Carers provide unpaid care by looking after ill, frail or a disabled family member, friend or partner.
Whether you are a husband, wife, son, daughter, friend or neighbour, if you are providing unpaid care to a friend or loved one you need to recognise yourself as a carer in order to seek the help and support you need.
Here are some tips to assist you in your new caring role:
1) Tell someone
Don't try to cope with your caring role alone. Tell family and friends so they are aware of your extra responsibilities and work load.
Make your G.P aware that you are providing a substantial amount of care; they may be able to provide you with a regular health check.

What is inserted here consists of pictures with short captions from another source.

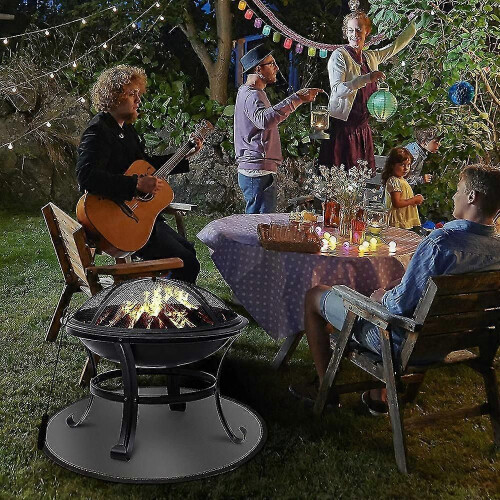 (1596)Silicone Fireproof Fire Pit Mat, Fire Pit High Temp Mat With Storage Bag, Deck Defender, Under 2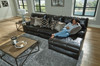 Como - 3 Piece Italian Leather Match Reclining Sectional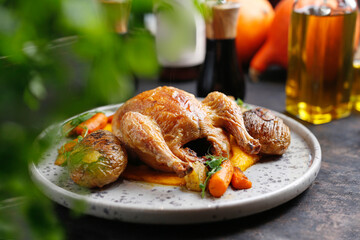 Roast duck with hasselback potatoes and vegetables.
Culinary photography. Suggestion to serve the dish.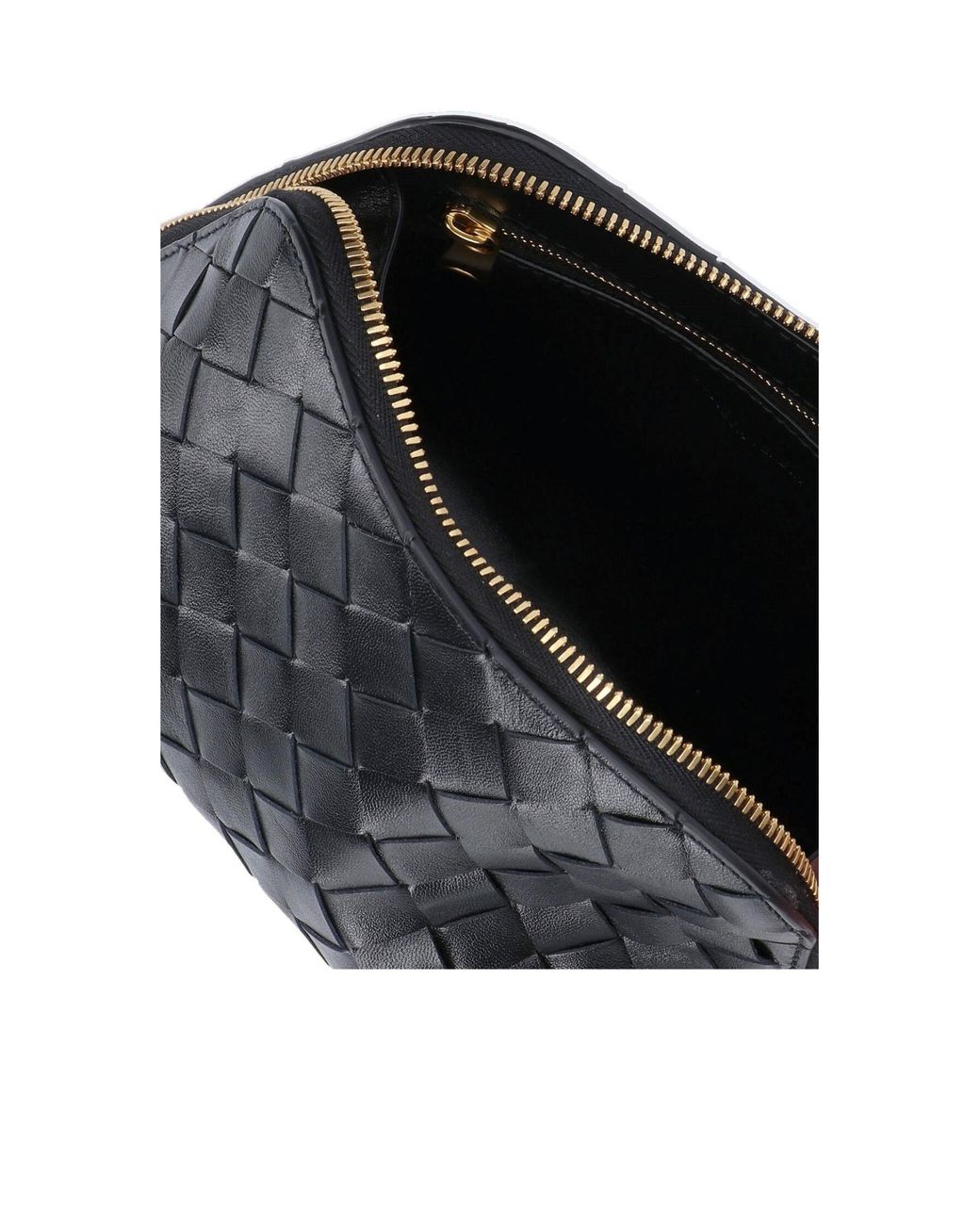 Bottega Veneta Black Intrecciato Medium Half-Moon Beauty Pouch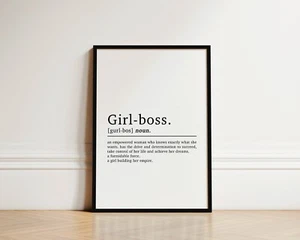 Póster inspirador con impresión de definición de jefe de niña motivacional arte de pared de oficina ella - Imagen 1 de 14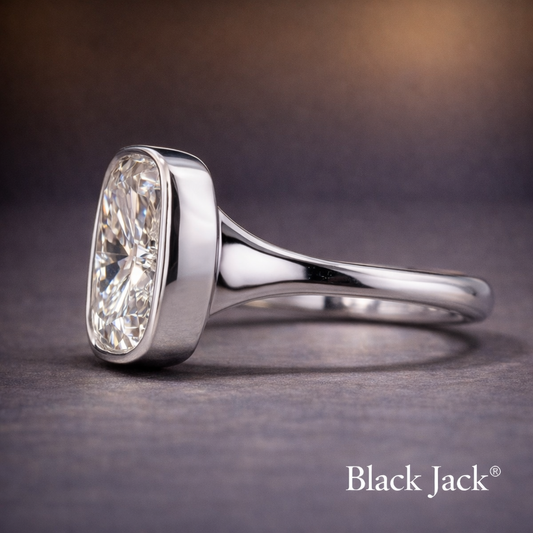 2.00 Ct Cushion Bezel Solitaire Memory Diamond Ring in 14K White Gold |Pet and Human Ashes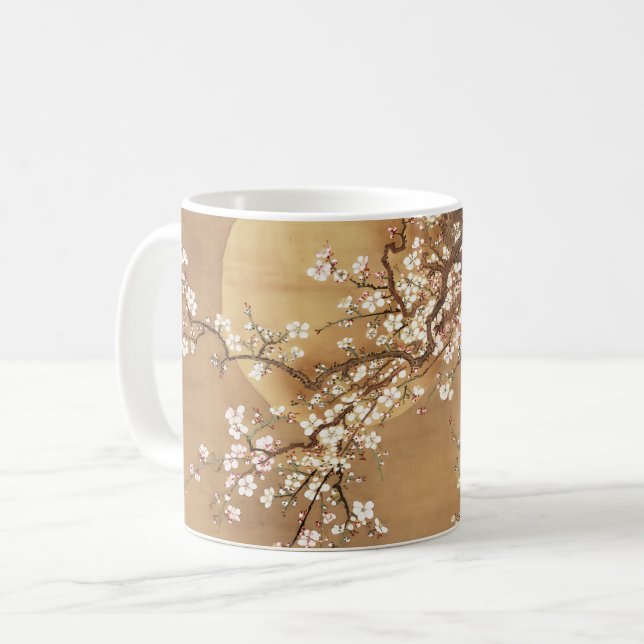 Japanese vintage plum blossoms in moonlight coffee mug (Front Left)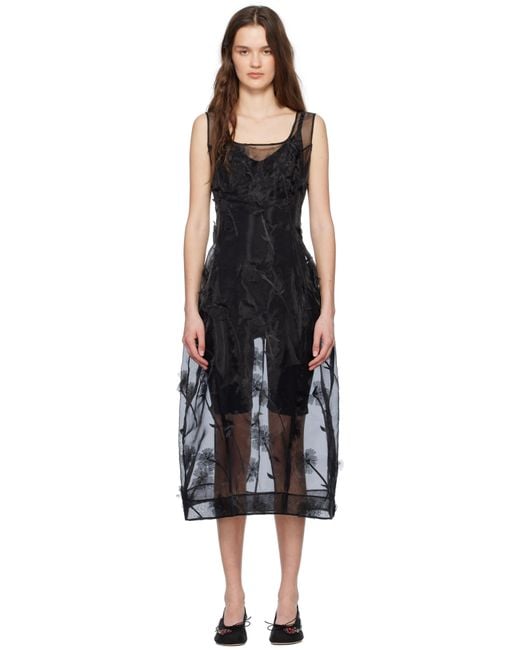 Simone Rocha Black Sculpted Carnation Organza Midi Dress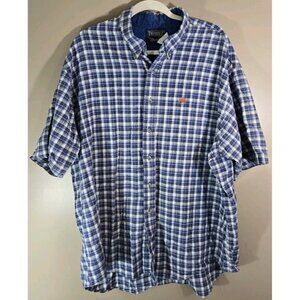 Vtg Twenty X by Wrangler Blue & White Checkered Plaid Button Down Short, XXL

2) Speak to Social Services
Social Services are there to help people with illnesses, disabilities and their carers. As a carer you are entitled to a Carers Assessment which will identify any services which could benefit you. Social Services can provide a range of information and adaption's which are designed to make your life easier.
3) Caring and employment
You may want to consider telling your employer of your new caring role. There may be existing support or flexible working arrangements you can utilize. Identifying small areas such as having access to a telephone or parking near your workplace may assist putting your mind at ease.

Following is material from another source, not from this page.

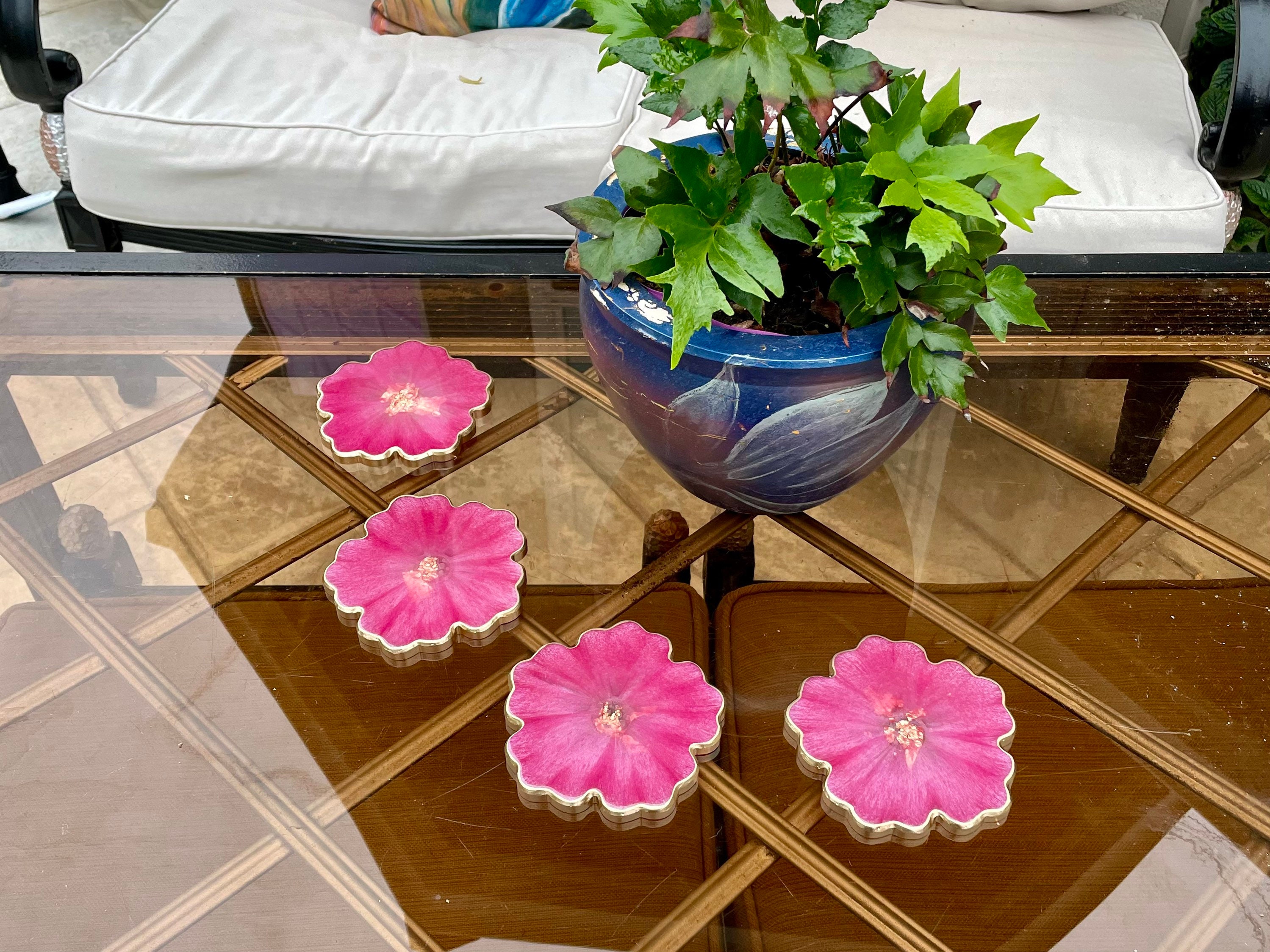 Pink flower coasters handmade epoxy resin coaster sets Etsy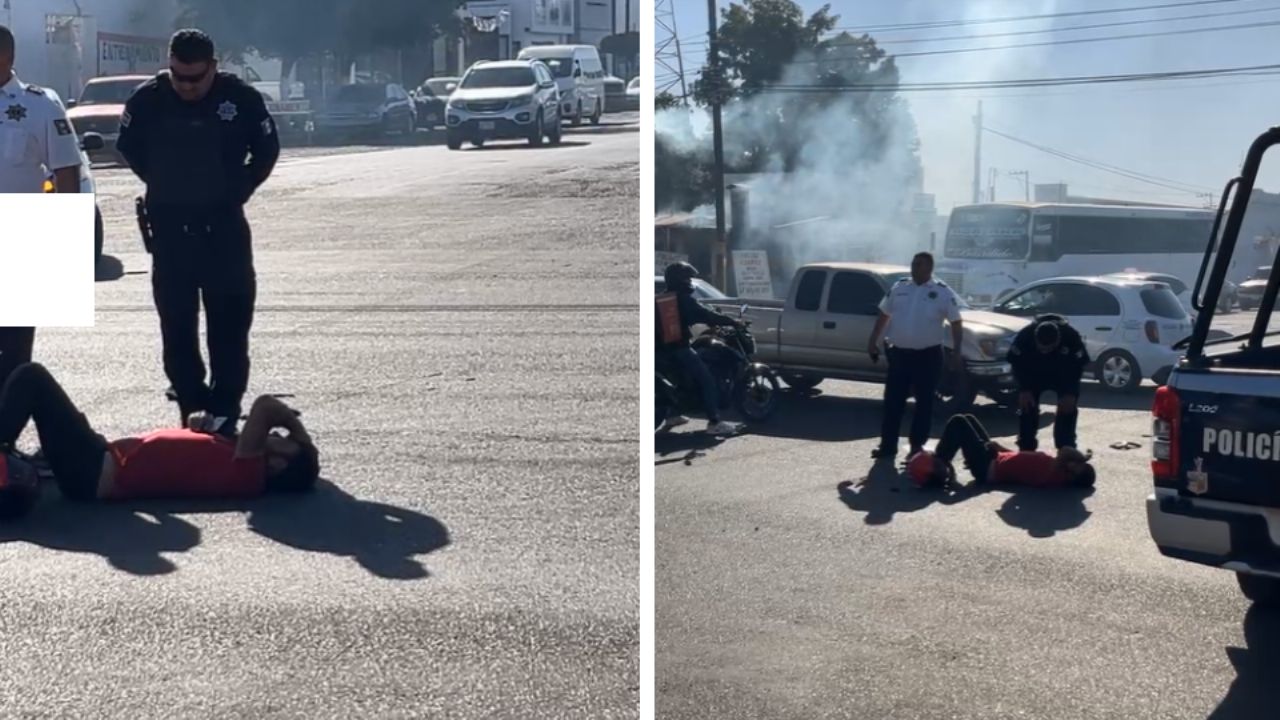 Carambola en pleno centro de Ciudad Obregón deja motociclista hospitalizado y tránsito detenido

4) Check your benefits entitlement
If you have given up employment to become a full time carer you may be entitled to receive benefits. If you are already in receipt of benefits, you maybe unsure if you are receiving all that you are entitled to. The benefit system can be a complex one so it may help for you to seek some advice and get a benefit check.
The Citizens Advice Bureau helps people with benefit checks. If you are interested in receiving a benefit check contact the Citizens Advice Bureau
Cardigan: 01239 613707
Aberystwyth: 01970 612817
5) Find help and support
There are carer support groups in the local area that can provide you with information, leisure activities, social contact with other carers and training. Maybe you just want someone to listen to you for an hour. Support workers can provide one to one meetings and telephone support and there are monthly carer support meetings within Ceredigion.
6) Take care of you
It is important to take care of yourself now that you have new caring responsibilities. Caring can be tiring and stressful at times and due to the demanding role of caring, many people experience health problems unless managed. It is important to find some leisure time to enable you to have a break. There are carer training courses available which will teach you new and alternative techniques which will help make your caring role easier.